Your instructions:
From the data that follows, set down exactly the lines from the one with "Big Financial Doors" through the one with "Acts of Undressing", counting both. Pictures stay out.

*** Data for review ***

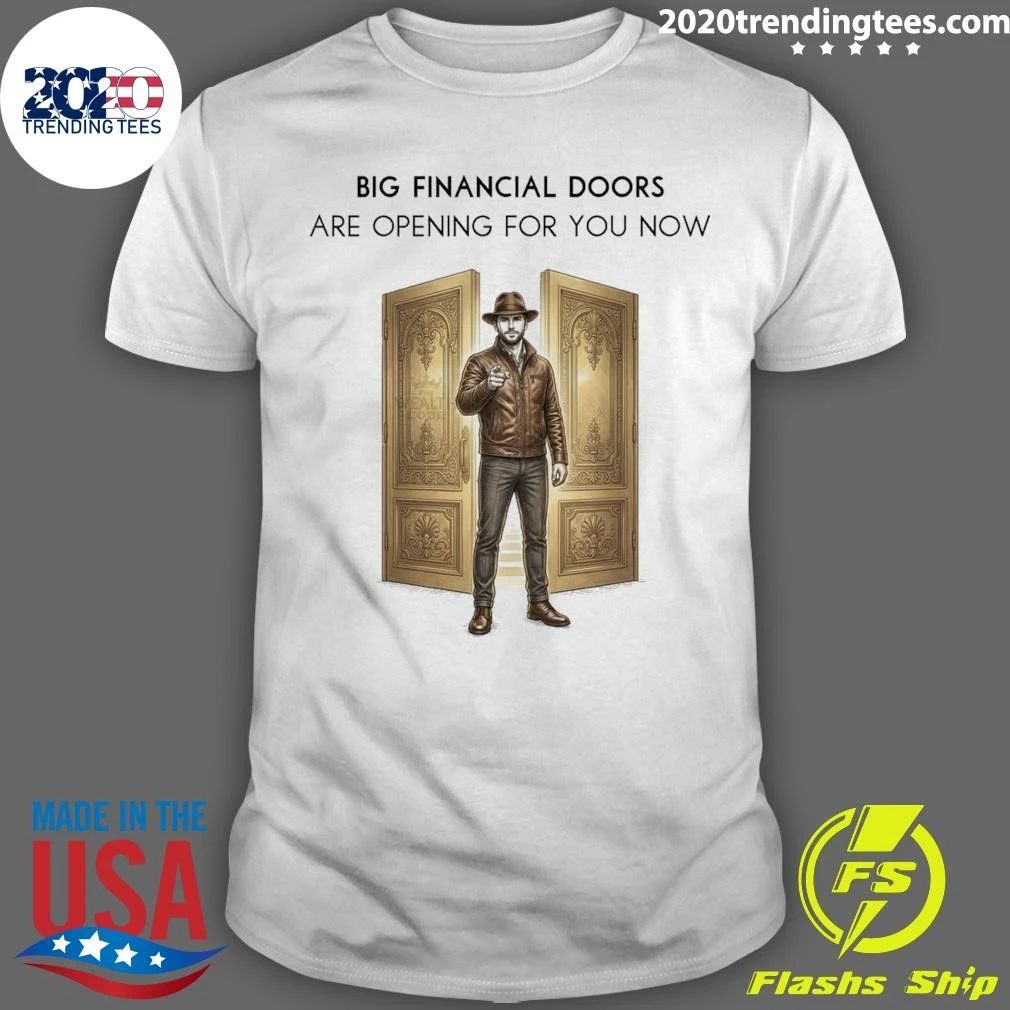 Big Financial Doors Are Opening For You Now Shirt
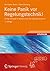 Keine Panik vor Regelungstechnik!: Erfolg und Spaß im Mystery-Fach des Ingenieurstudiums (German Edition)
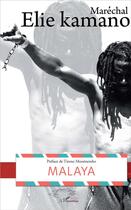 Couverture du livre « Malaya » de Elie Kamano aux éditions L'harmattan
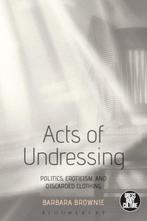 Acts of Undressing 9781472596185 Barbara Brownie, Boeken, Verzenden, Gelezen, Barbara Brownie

*** End of Data for review ***
*** Data for review ***

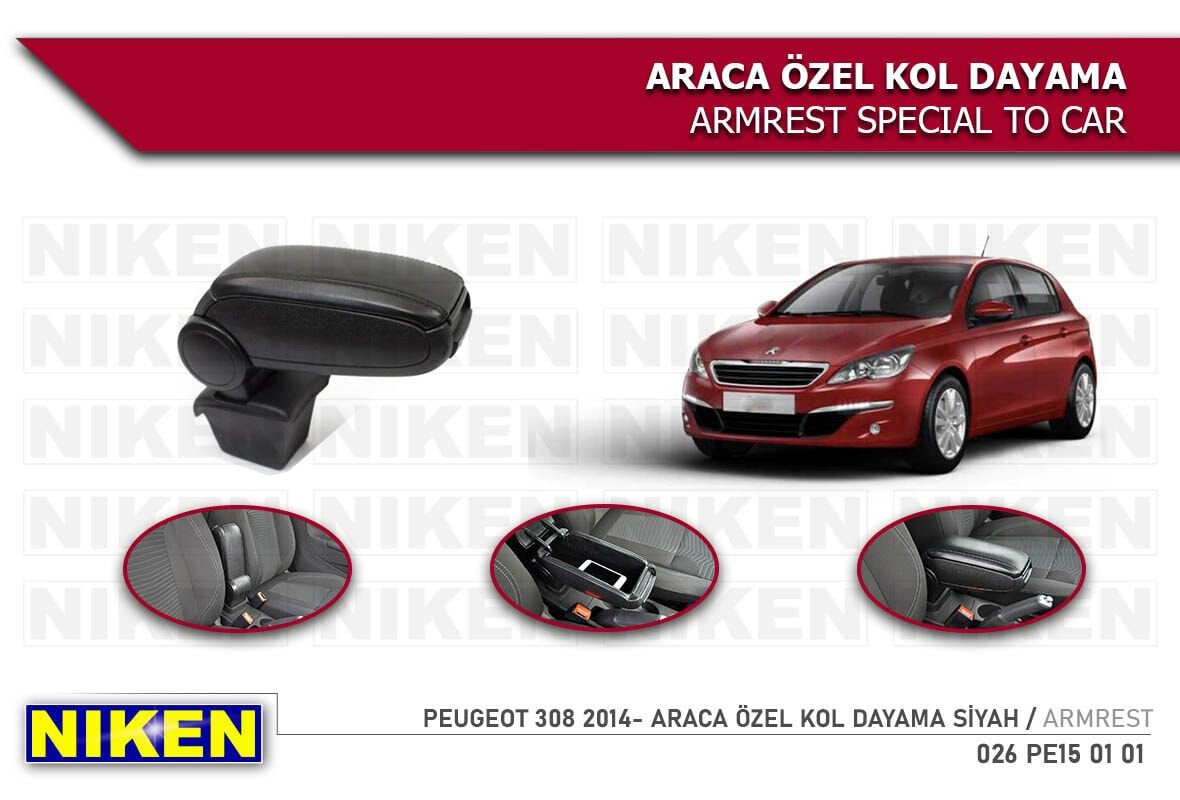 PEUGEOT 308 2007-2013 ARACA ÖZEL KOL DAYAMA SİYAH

*** End of Data for review ***
*** Data for review ***

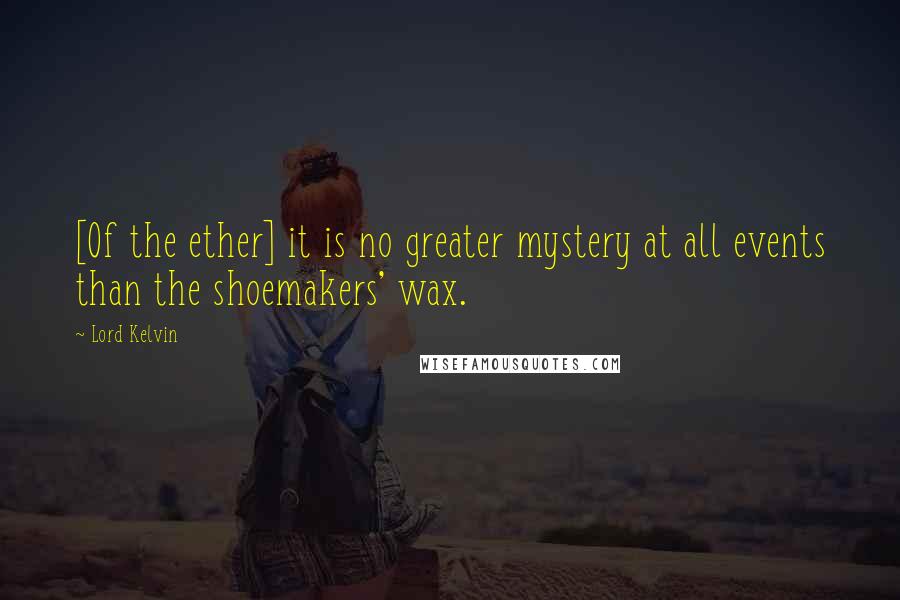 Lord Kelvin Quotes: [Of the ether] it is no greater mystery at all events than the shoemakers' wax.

*** End of Data for review ***

Result for this exercise:
 Big Financial Doors Are Opening For You Now Shirt
 Keine Panik vor Regelungstechnik!: Erfolg und Spaß im Mystery-Fach des Ingenieurstudiums (German Edition)
 Couverture du livre « Malaya » de Elie Kamano aux éditions L'harmattan
 Acts of Undressing 9781472596185 Barbara Brownie, Boeken, Verzenden, Gelezen, Barbara Brownie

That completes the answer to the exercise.